Decidedly uncomfortable

Oddly enough, only a handful of attendees were attired in traditional garb -- although intrepid JT photographer Yoshiaki Miura managed to get a great shot of two pretty girls employed to look pretty in kimono while handing out canapes. There was also a fashion parade with a yukata-wearing DJ scheduled for later, but Miura-san and I decided to beat a discreet retreat.

Back at the office, a quick Google revealed that in the 1970s the domestic market for kimono was around 2 trillion yen per year, but that had shrunk to about 600 billion yen by 2000. However, an article buried in the online archives of this esteemed organ revealed that although the market for new kimono is shrinking fast, sales of used and reproduction kimono (the latter being new copies of old designs) ballooned to 34 billion yen in fiscal 2003 from 6 billion yen in fiscal 1999.

That latter little factoid got the old gray matter whirring, and quite fired me up to set off on my next step in quest of an "angle" on the resurgence of Japan's national costume. This led me to Harajuku, center of the street-fashion universe and home to a small secondhand kimono store I stumbled upon while exploring the backstreets many moons ago.

According to the shop manager, most of the old fabrics on sale are not bought to be worn, but to be turned into cushions, dresses or accessories. There wasn't a single kimono-clad customer to be seen.

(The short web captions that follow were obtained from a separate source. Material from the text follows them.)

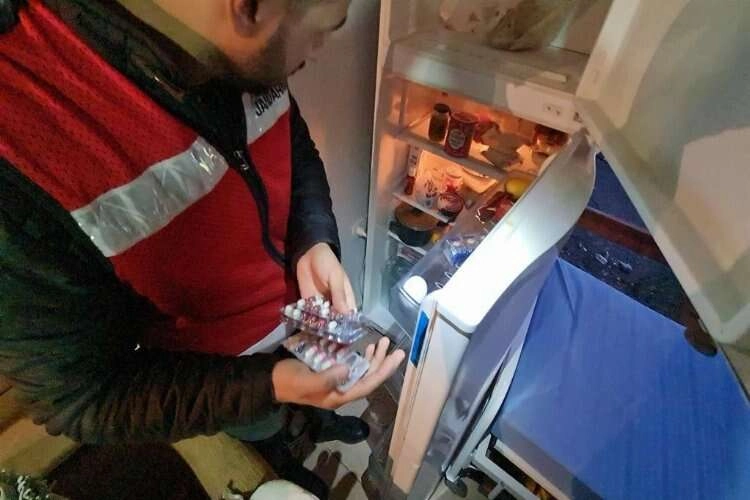 Suç makinesinin buzdolabından uyuşturucu çıktı haberinin görseli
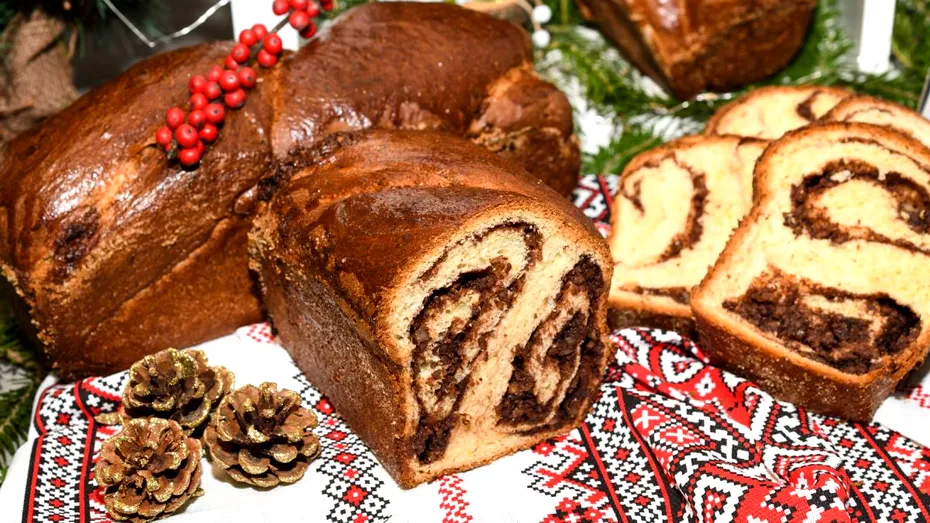 Când se fac cozonacii de Paște? Momentul în care trebuie să îi duci la biserică să îi sfințești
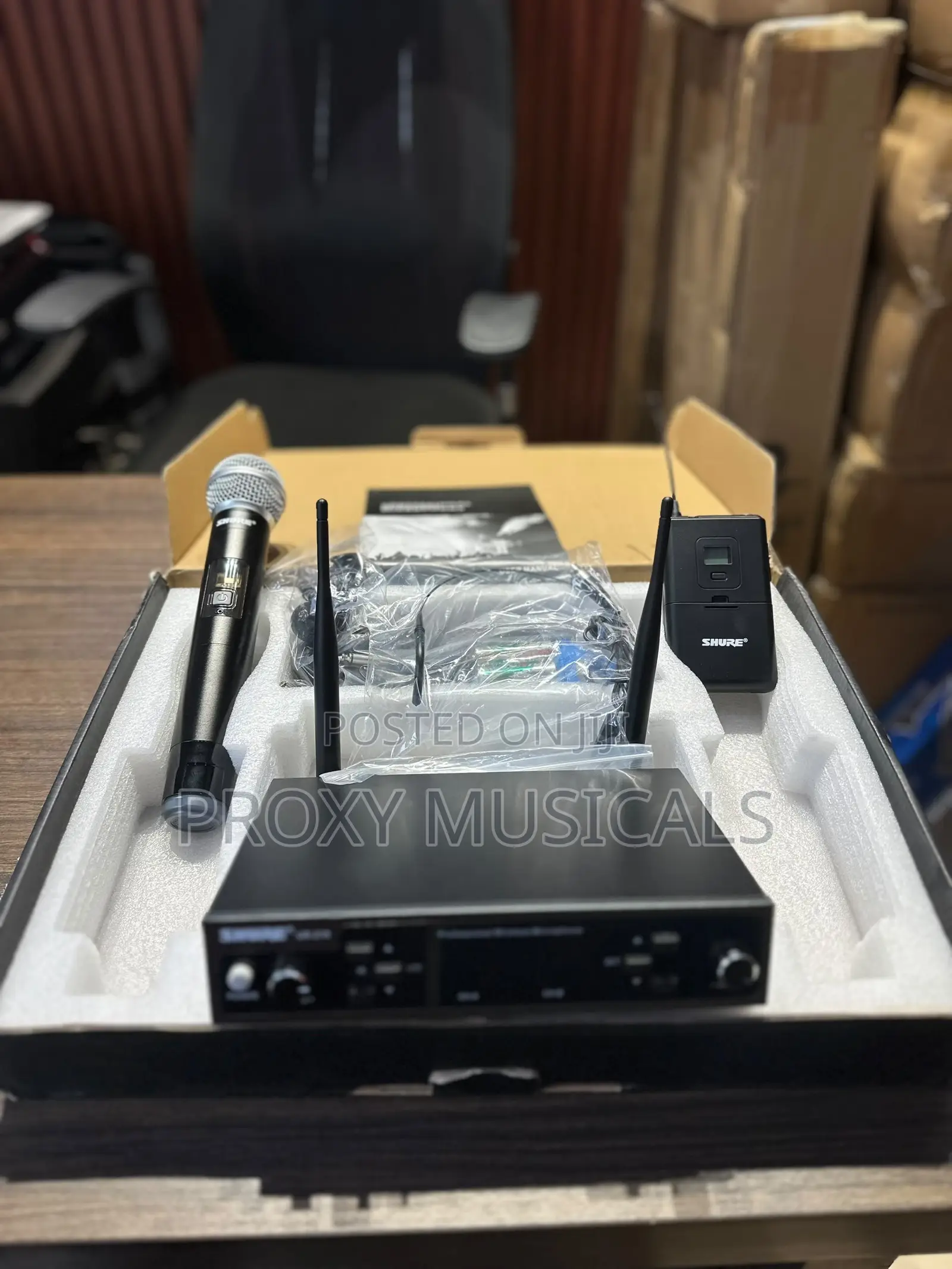 Shure 3-in-1 Professional Wireless Microphone System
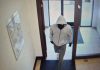 2 employees dead in Kentucky bank robbery, search for suspect continues: State police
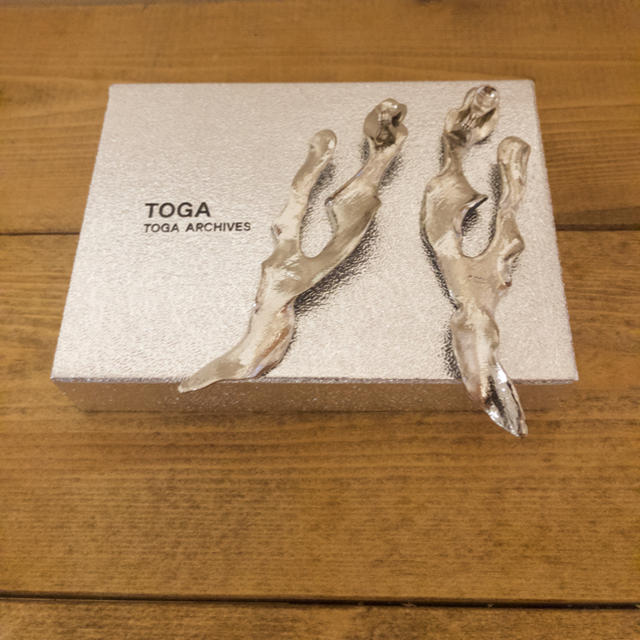 TOGA(トーガ)の★TOGA トーガ 新品 Motif earrings  イヤリング レディースのアクセサリー(イヤリング)の商品写真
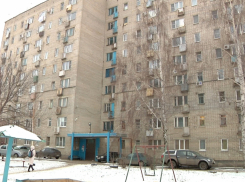Прыжок с девятого этажа предотвратили тамбовские полицейские 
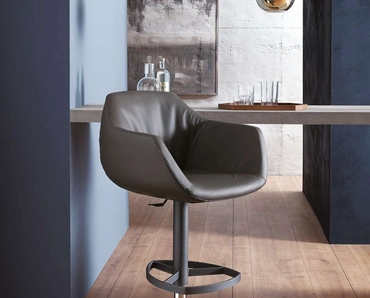 Sgabello con alzata a gas Piquet con seduta in pelle imbottita di Ozzio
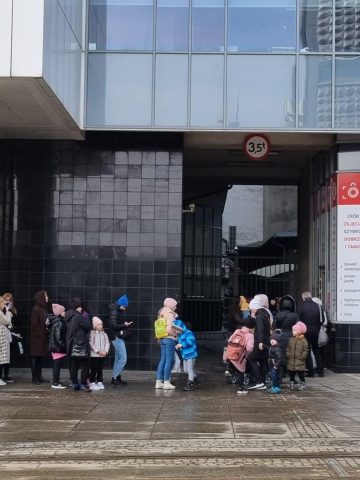Kolejka uchodźców przez zakładem fotograficznym Katowice1 Kolejka uchodźców przez zakładem fotograficznym Katowice1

But then, just as I was dejectedly heading back to the station, I spotted two women in yukata. They identified themselves as Sara Kumagaya, 22, and Mai Shinozaki, 21, both university students. If there was a kimono boom happening at the moment, they didn't seem to be aware of it.

"We wear Japanese clothes because they make us feel special and different," Shinozaki explained. "Nobody else we know wears them."

Without wishing to seem ungallant, that wasn't much help.

Having drawn a virtual blank in Harajuku, I resolved to track down the only kimono designer whose name was stored in my memory banks: Jotaro Saito.

Saito, 35, is unusual for a maker of Japanese-style clothes because he stages catwalk shows -- almost exclusively the preserve of Western-style attire.

The kimono boom?

"It started about a year ago," he said, helpfully, on the phone from his studio in Kyoto. "I don't think you'll see much of it in Tokyo, though, more in the provinces."

It's a good job Saito was at the end of a phone, because I might have hugged him otherwise.

"I think it's partly to do with Japanese people gradually exploring their roots and searching for identity. Many who have spent time overseas come back wanting to learn more about their own culture and traditions."

But are people really wearing kimono on a daily basis?

"What I'm trying to do is turn kimono from being a purely functional tool [for formal occasions that necessitate wearing one] into a fashion item," Saito explained, adding that many of his customers are well under 40.

"More and more young people are discovering that there are many ways to wear kimono -- that you can express yourself and have fun with them -- and they are incorporating kimono into their lifestyles," Saito concluded, his every syllable setting this k-boom hunter aquiver.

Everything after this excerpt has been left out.